Much work is being done, not least at FIS, on solutioning for the most economic match. This brings many more data aspects into the calculation than at any time previously, and the positive effects at the point of trade are obvious. However, many more benefits are to be gained from the post-trade impact of such advances. Effective matching at the point of trade using common taxonomies and regulatory compliant data fields eradicates the need for reconciliations and confirmations as we used to know them. Distributed ledgers ensure there is one (replicated) source of truth for transactions, not many.

Changing paradigms

Achieving the potential benefits to the market of improved post-trade management requires better data at the point of trade, but also improved system interoperability. The lack of interoperability between systems employed across the securities finance industry, both within and between market participants, used to be seen as an opportunity. Build an interface to XYZ system? Of course, that can be done. At a cost. With the advent of initiatives like the Common Domain Model (CDM), the days of such projects are numbered and the seamless exchange of data between systems, even from competing providers, is on the horizon.

New generations of people entering the market struggle to understand such challenges — not the technical difficulty, but why they exist at all. Generationally, those coming into our industry expect interoperability as standard, which is largely due to a different approach to learning and teaching. The connection between this new approach and the educational shift from end-of-year individual exams to more coursework and team-based working and assessments cannot be coincidental.

Many of those on the panel were clear advocates of openness and sharing of ideas, all designed to move the community forward. Such phraseology may be foreign to some, but it represents new thinking from new entrants who are taking this approach to the way they work together. But don’t be fooled, these are also highly competitive people from very successful organisations — and that, in itself, is enough to warrant attention.

Working with the panellists, and on projects like CDM, helps to identify how organisations can be both open and competitive. Much of this has to do with mindset and having a more community-oriented focus. The advent of ESG, of course, is another outcome of such changes in attitude. Inefficiencies in processes and markets used to appear as opportunities. Now they are simply viewed as inefficiencies that benefit no one and harm all those in that market. It is this separation that is the key and motivation behind collaborative sharing amongst competitive organisations.

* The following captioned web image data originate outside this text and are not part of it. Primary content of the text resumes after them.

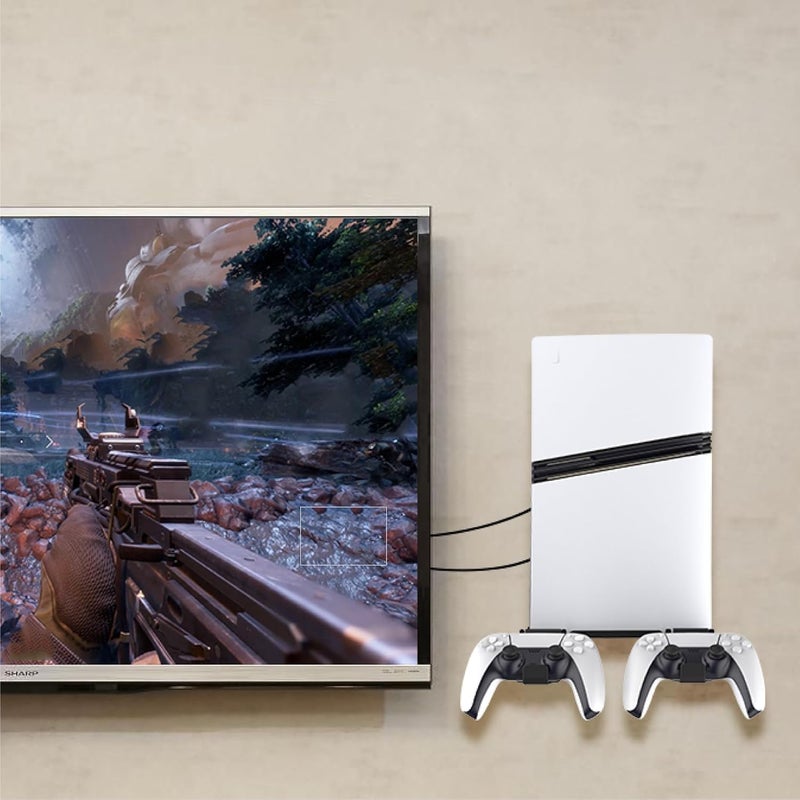 زوني حامل حائط لـ PS5 Pro و PS5 Slim (إصدار الأقراص والرقمي)، طقم حامل حائط مع حاملتي تحكم قابلتين للإزالة لملحقات وحدة تحكم PS5 Pro و PS5 Slim (أسود، لـ Slim و Pro) - Image 4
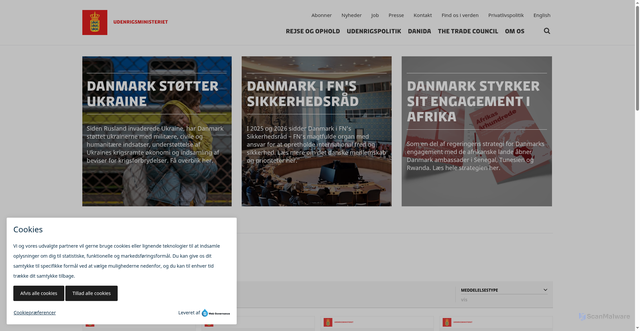 Security scan screenshot of https://um.dk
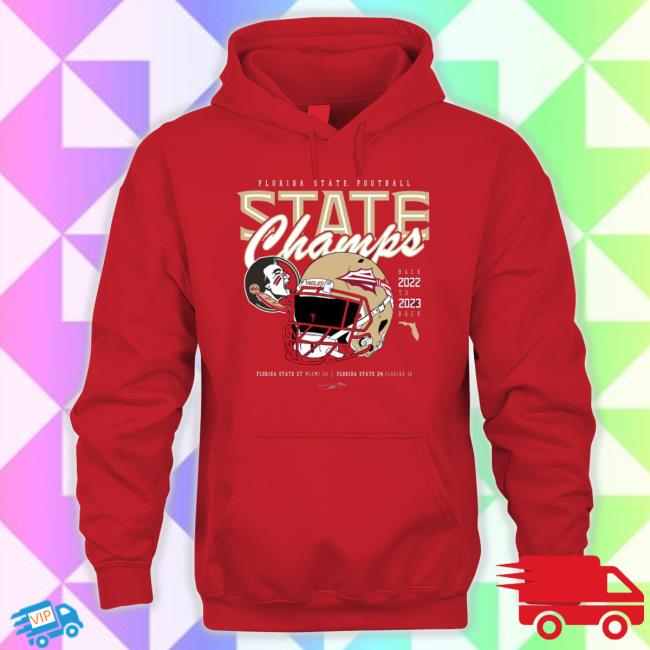Trending Ragz Men's Florida State Seminoles 2023 State Champs Design Short Sleeve Hoodie Garnet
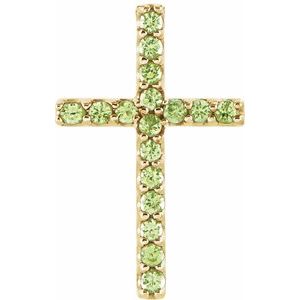 14K Yellow Natural Peridot Petite Cross Pendant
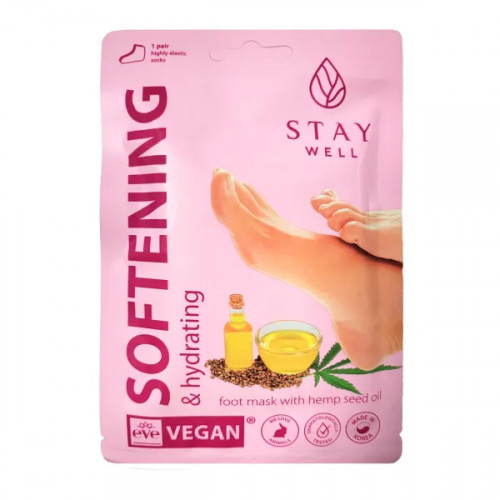 STAY WELL Instant Softening Foot Mask Hemp Seed Oil Minkštinamoji pėdų kaukė su kanapių sėklų aliejumi, 1 pora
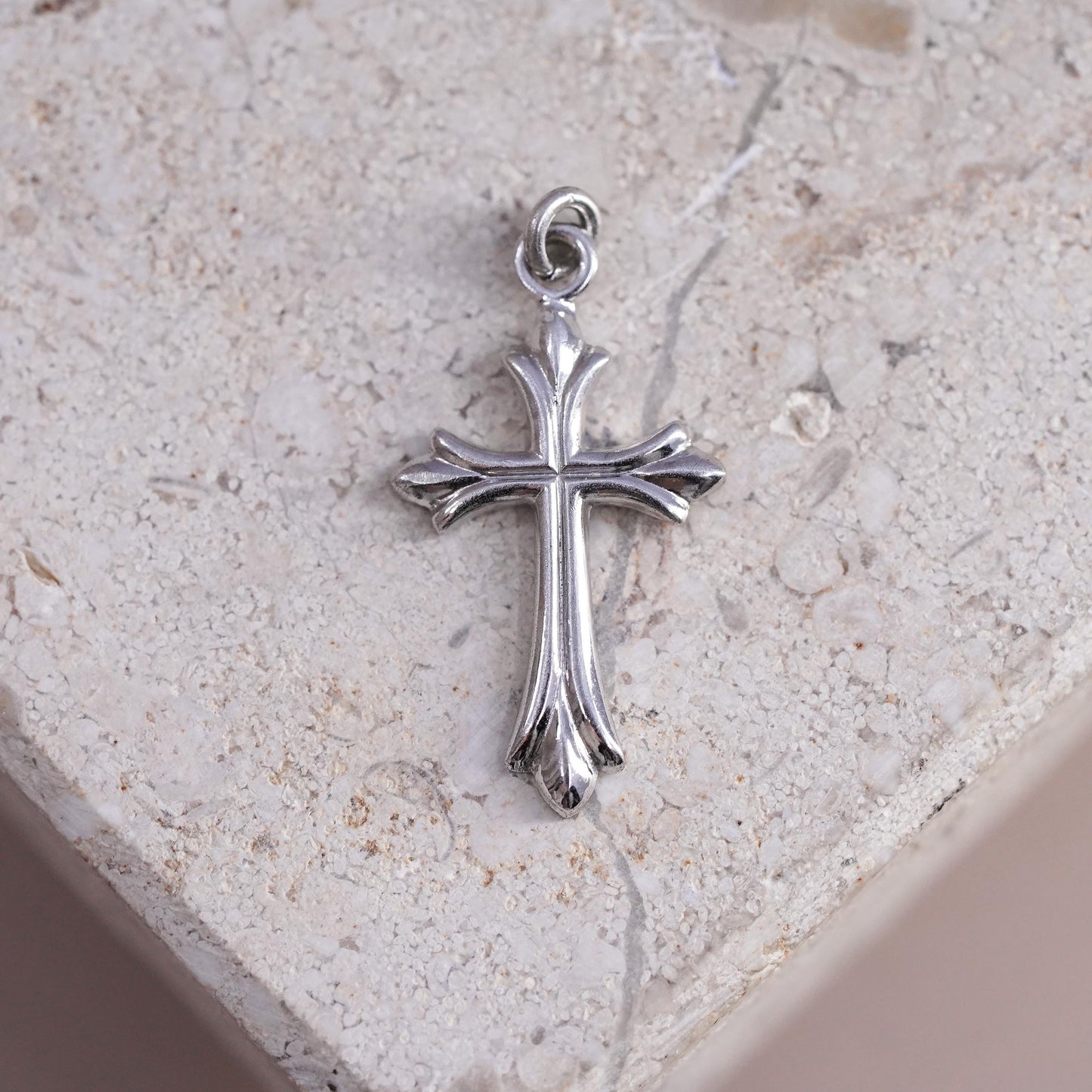 Sterling silver handmade charm, solid 925 silver cross pendant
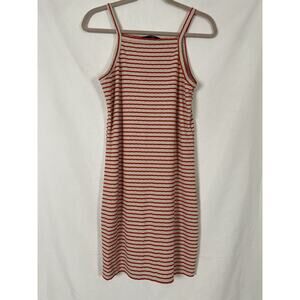 Vero Moda Knit Tank Mini Dress Beige Red Stripe Stretch Size L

Few organisations will prosper by sharing their hard-earned intellectual property, but all market participants can benefit from solving a shared problem that costs everyone. The advance of open source technologies, promoted by large commercially successful organisations, are showing the way forward. Many industry paradigms are changing and, instead of finding ways to defend the old ways of doing things, those looking forward longer term understand that attempting to hold back the tide will be a mistake.

Looking back to SFTR, no organisation around those working group tables shared trading positions or strategies. However, they were completely open to sharing, for example, the challenges of trade reconciliations and the breaks that exist across datasets. It was not the intellectual property that was shared, but the interest in solving common issues. Taking that attitude and applying it to broader market inefficiencies is the way forward, integrating new technologies such as digital assets and tokenisation but without trying to superimpose them on old models of business.

All that remains is to ask how much you are willing to give away in order to get ahead?